Most Disappointed Tourists: The Corn Palace (South Dakota)

Most Frightening Industrial Complexes: The Exxon-Mobil and Philips Conoco plants (refineries?) of Billings, Montana

Most Disdainful & Smug Starbucks Employee: Inside the Crowne Plaza of Billings, Montana

My best driving: southern Minnesota (straight, flat, empty)
My worst driving: forgetting to take my foot off the gas entering a gas station in Bozeman, Montana (not to worry, nothing happened)

Worst Smelling City: Gary, Indiana (Gowanus Canal is beaten by Wolf Lake, which can be sniffed from 10 miles away)
Best Smelling City: Bozeman, Montana

Felt Most Out of Place In: Lulabell’s Café, beside the freight trains hauling coal out of Gillette, Wyoming.

Overheard Conversation at Lulabell’s: How to win a lawsuit in which defendant broke plaintiff’s ribs after plaintiff insisted on hitting on defendant’s 15- year-old niece in a bar (defendant himself brought niece into said bar).

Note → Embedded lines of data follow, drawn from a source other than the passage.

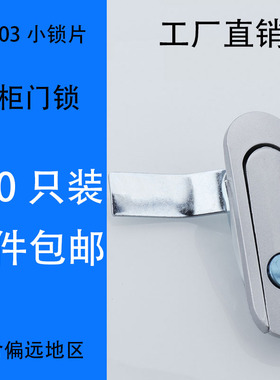 咖落AB403锁平面锁通用型铝合金配电箱锁垃圾箱锁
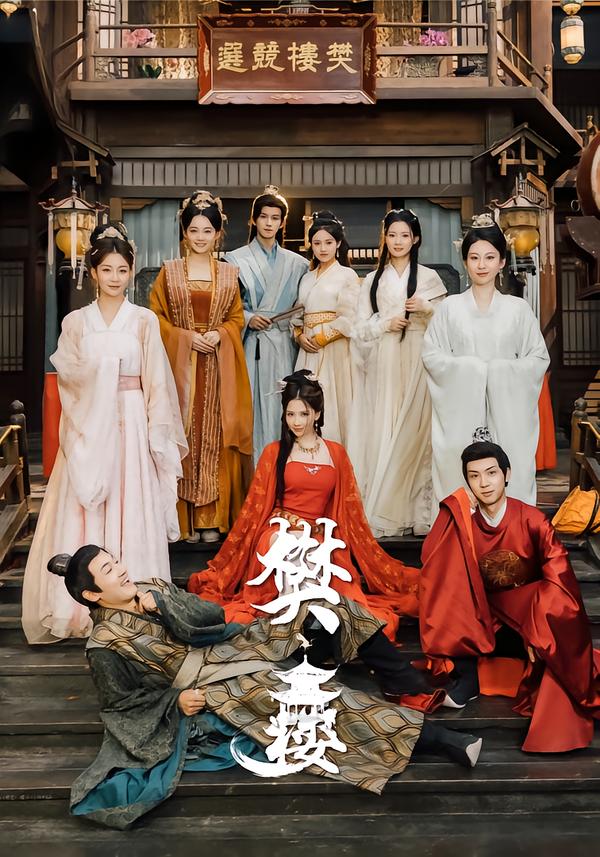 樊楼$吴梦媛/郭明雪/陈耀宁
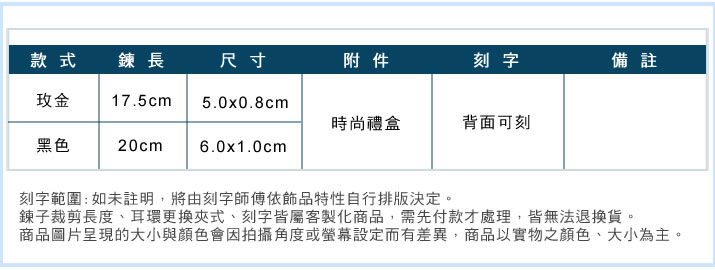 情侶手鍊 ATeenPOP 對手鍊 鋼手鍊 微甜幸福 單個價格 情人節禮物 聖誕節禮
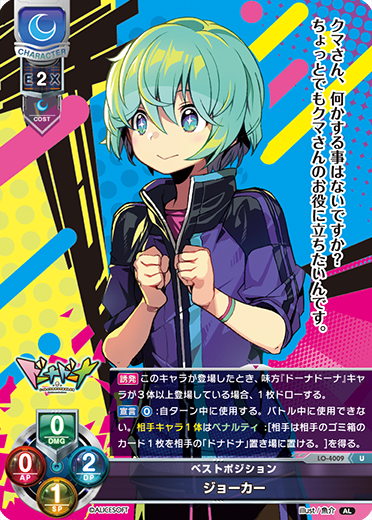 カードリスト || リセ オーバーチュア トレーディングカードゲーム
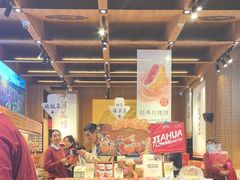 -嘉华鲜花饼(南屏旗舰店)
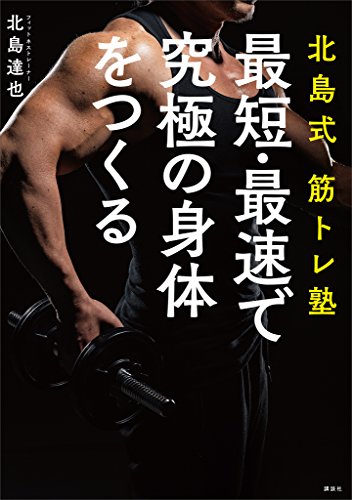 北島式筋トレ塾　最短・最速で究極の身体をつくる (講談社の実用book)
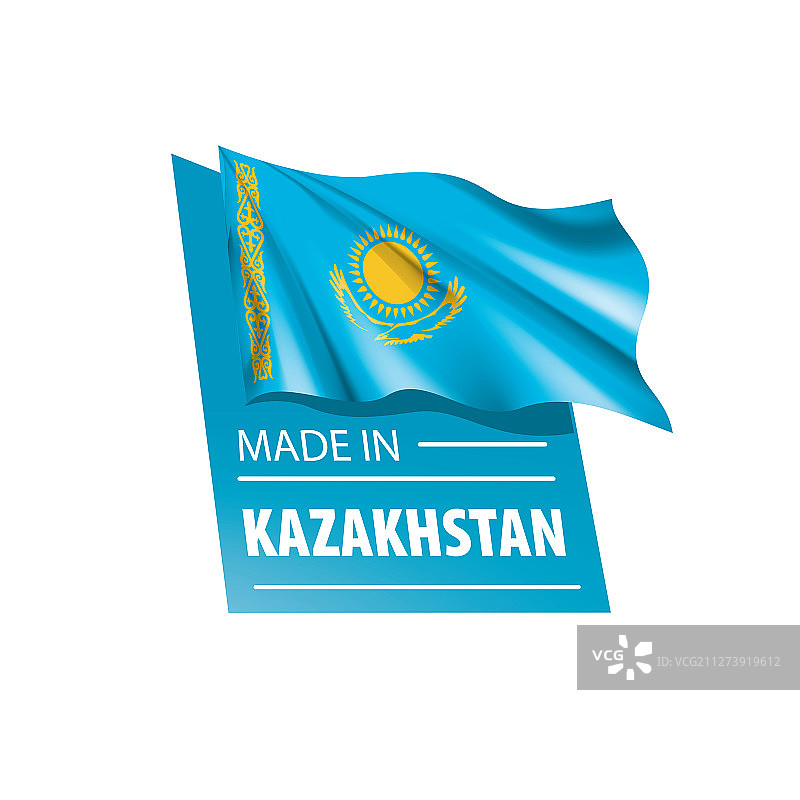 哈萨克斯坦国旗上有白色图片素材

Speakers (both in cowboy hats and both with booming voices) were on side of defendant. Strategy: demand a jury trial and get at least two jurors with teenage daughters.

Most flavorful (and most expensive) burger: Ted’s (e.g. Turner) Montana Grill in Bozeman

Biggest Attempt at Appearing Green: Ted’s (recycled paper mats, 80% paper straws, claim that their cow and bison live happy lives)

Overheard Conversation at Ted’s: Favorite American sculptor, living or dead

Most Well-Travelled Orange: Bought in Sheridan, Wyoming, apparently shipped from Australia, and eaten in Seattle.

First Memorable Experience in Seattle: After arriving in town on an uncharacteristically hot day and schlepping boxes and luggage up three flights of stairs, falling victim to a drive-by water gunning on the corner of Harvard and Harrison.

Strange bookends to our journey: Watching the first half of There Will Be Blood in Brooklyn surrounded by our packed up boxes and finishing it in Seattle in the chaos of unpacking. Simplified take-away from the film: greed and religion go hand-in-hand until greed bludgeons religion to death with a bowling pin. Mm. Welcome home!

Monday, August 03, 2009

Yellow Medicine Review

My short story "Ebb and Flow" has been accepted for the Fall 2009 issue of Yellow Medicine Review. This issue, guest edited by Andrei Guruianu, will focus on Eastern Europe twenty years after the fall of communism. Very much looking forward to seeing the issue!